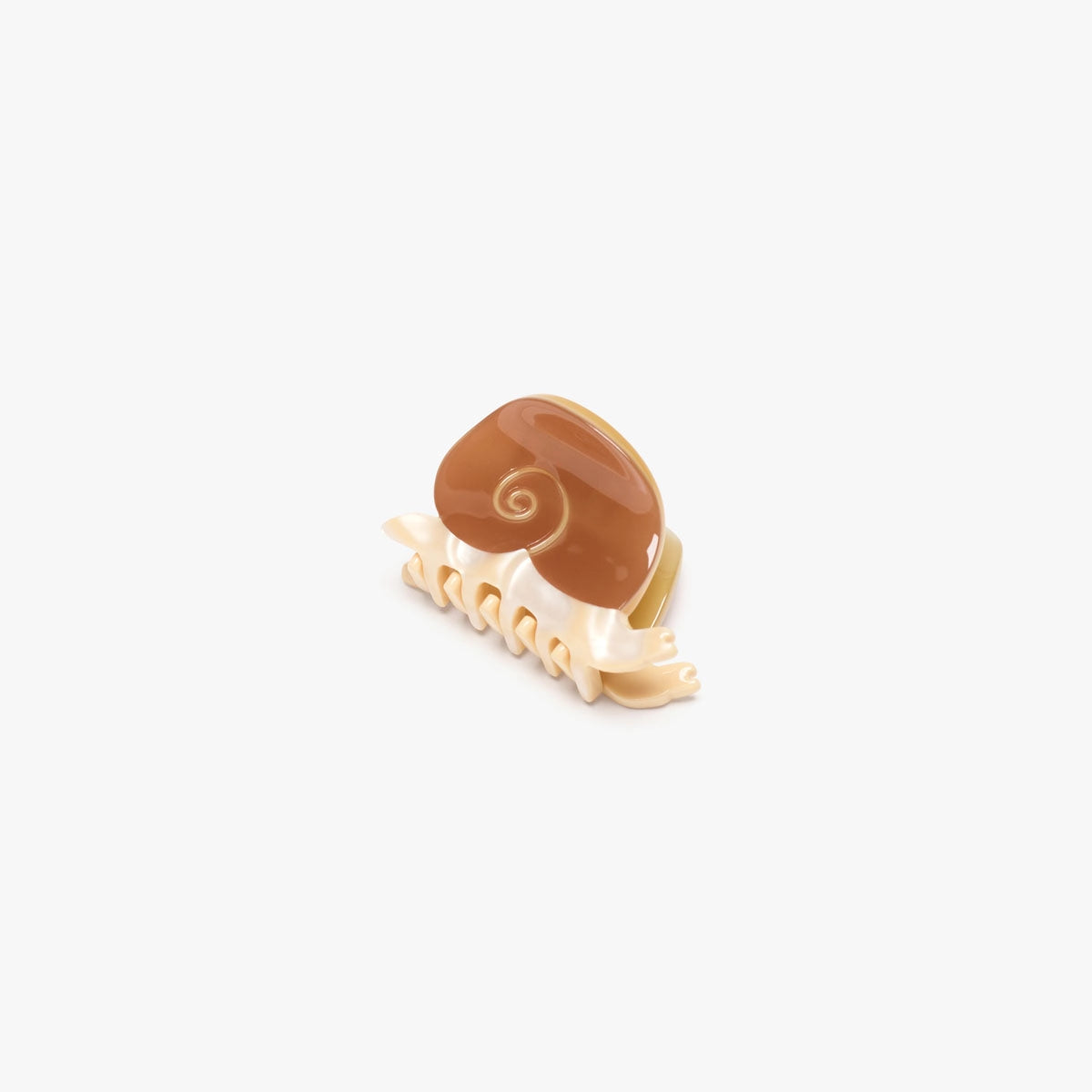 Winona Irene Mini Snail Acetate Hair Claw - Lifestory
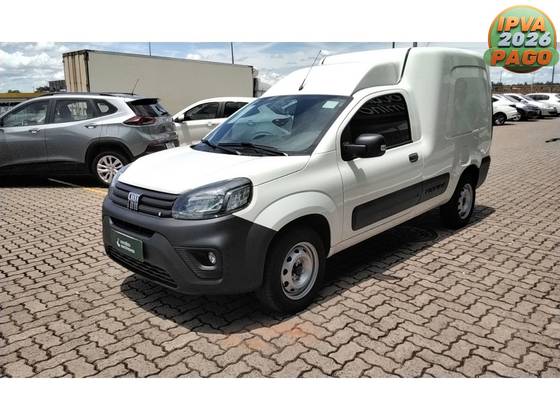 FIAT FIORINO 1.4 MPI FURGÃO ENDURANCE 8V FLEX 2P MANUAL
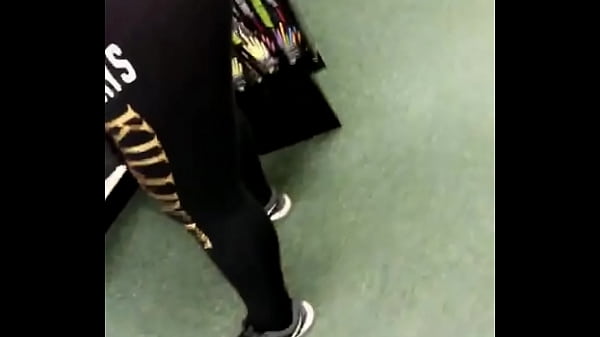 Wifey in see through leggings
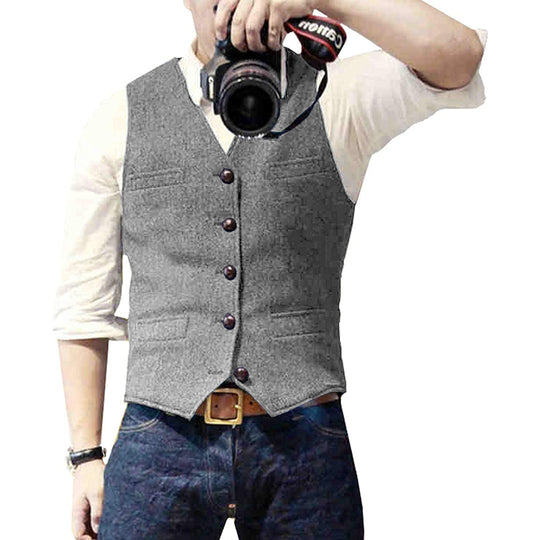 Elijah | Lightweight Summer Vest for Men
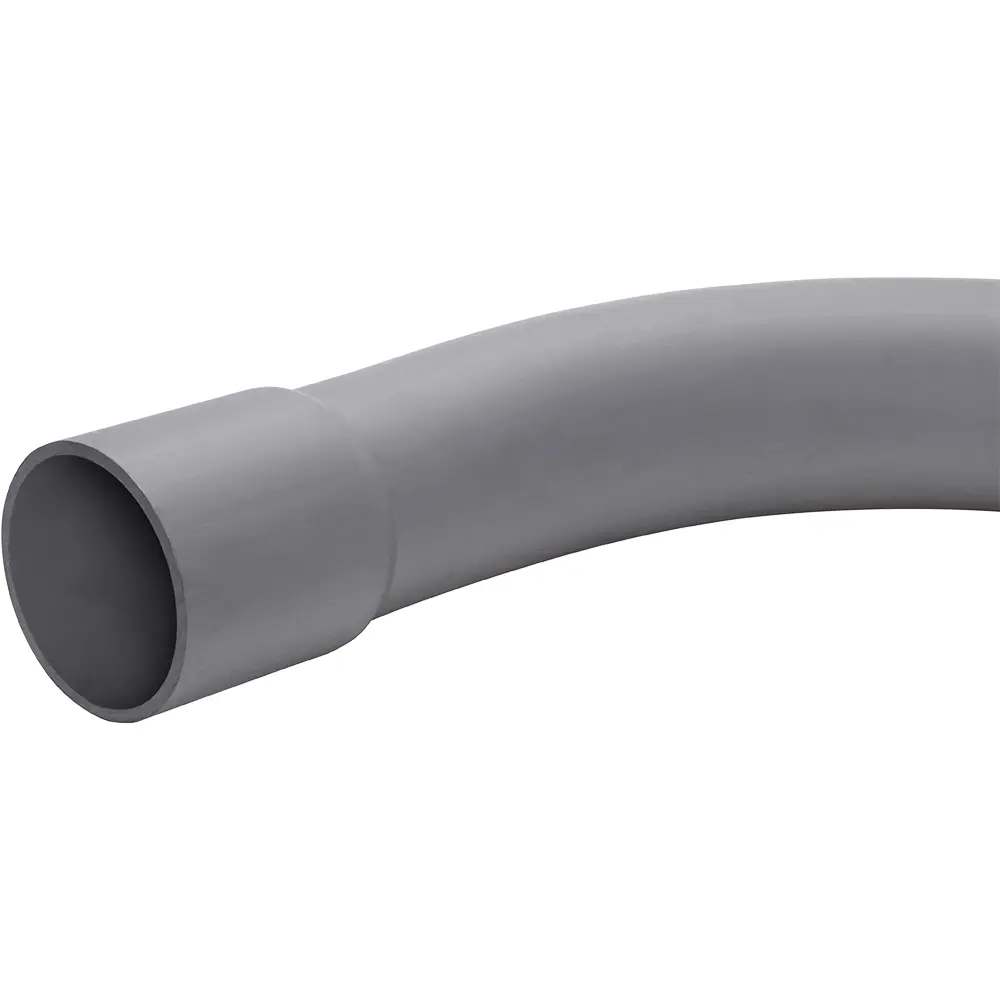 1-1/2" 90° Bell End Elbow, Schedule 40, 24" Radius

☆ ☆ ☆ ☆ ☆

*What to work on*.
To complete this exercise, repeat exactly the lines above from the one holding "FIAT FIORINO 1.4" to the end of the listing, both included, and leave the pictures out.

*Answer below*.
 FIAT FIORINO 1.4 MPI FURGÃO ENDURANCE 8V FLEX 2P MANUAL
 Wifey in see through leggings
 Elijah | Lightweight Summer Vest for Men
 1-1/2" 90° Bell End Elbow, Schedule 40, 24" Radius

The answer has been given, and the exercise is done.